WHAT TO DO — A verbatim copy of all the data is required; the pictures should not appear in it.

AVAILABLE DATA —
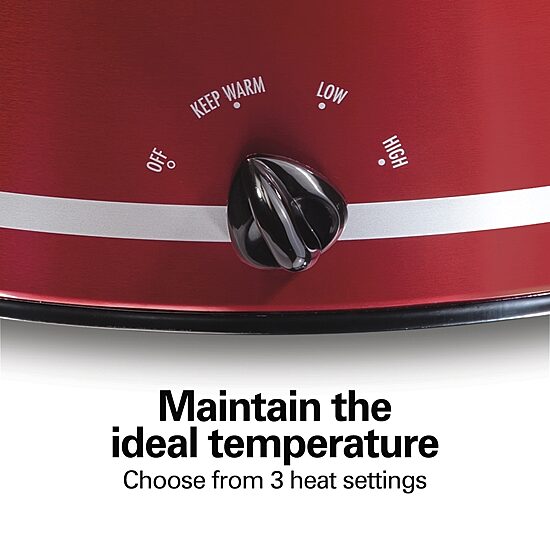 Hamilton Beach® 8-qt. Oval Slow Cooker
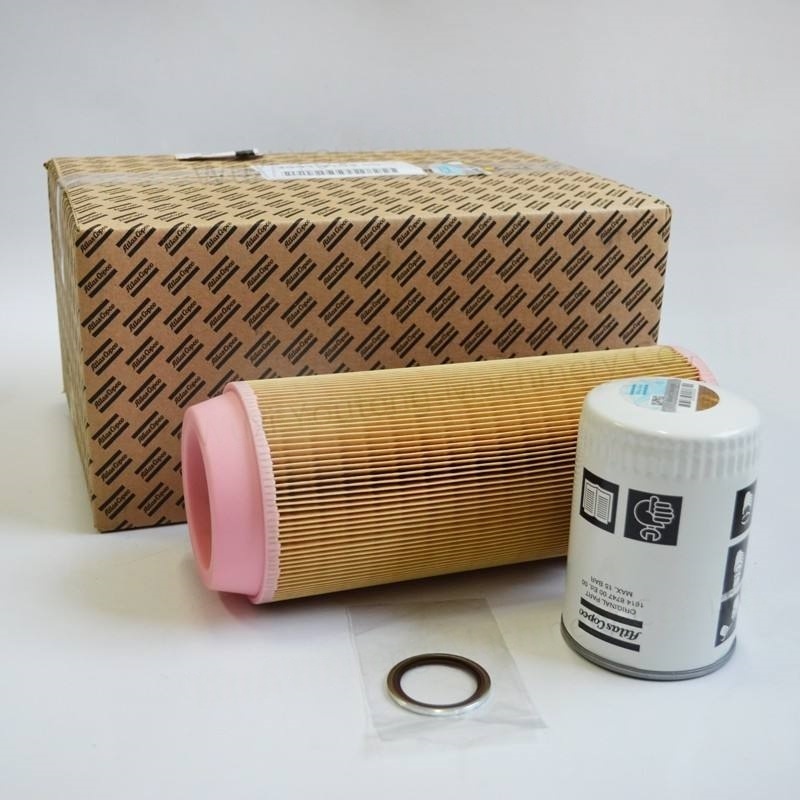 Atlas Copco Original Air Compressor Oil Filter Separator Service Kit Βιομηχανικό Συμπιεστές Μοντέλο 2901110300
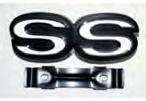 Designed so that you can make your own engine size emblem. Made of top quality die-cast chrome plating. Approx. size is 1 3/8" long by 5/8" high. No holes to drill. DB30146-LH Driver's Side $30.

RESPONSE TO THE TASK —
 Hamilton Beach® 8-qt. Oval Slow Cooker
 Atlas Copco Original Air Compressor Oil Filter Separator Service Kit Βιομηχανικό Συμπιεστές Μοντέλο 2901110300
 Designed so that you can make your own engine size emblem. Made of top quality die-cast chrome plating. Approx. size is 1 3/8" long by 5/8" high. No holes to drill. DB30146-LH Driver's Side $30.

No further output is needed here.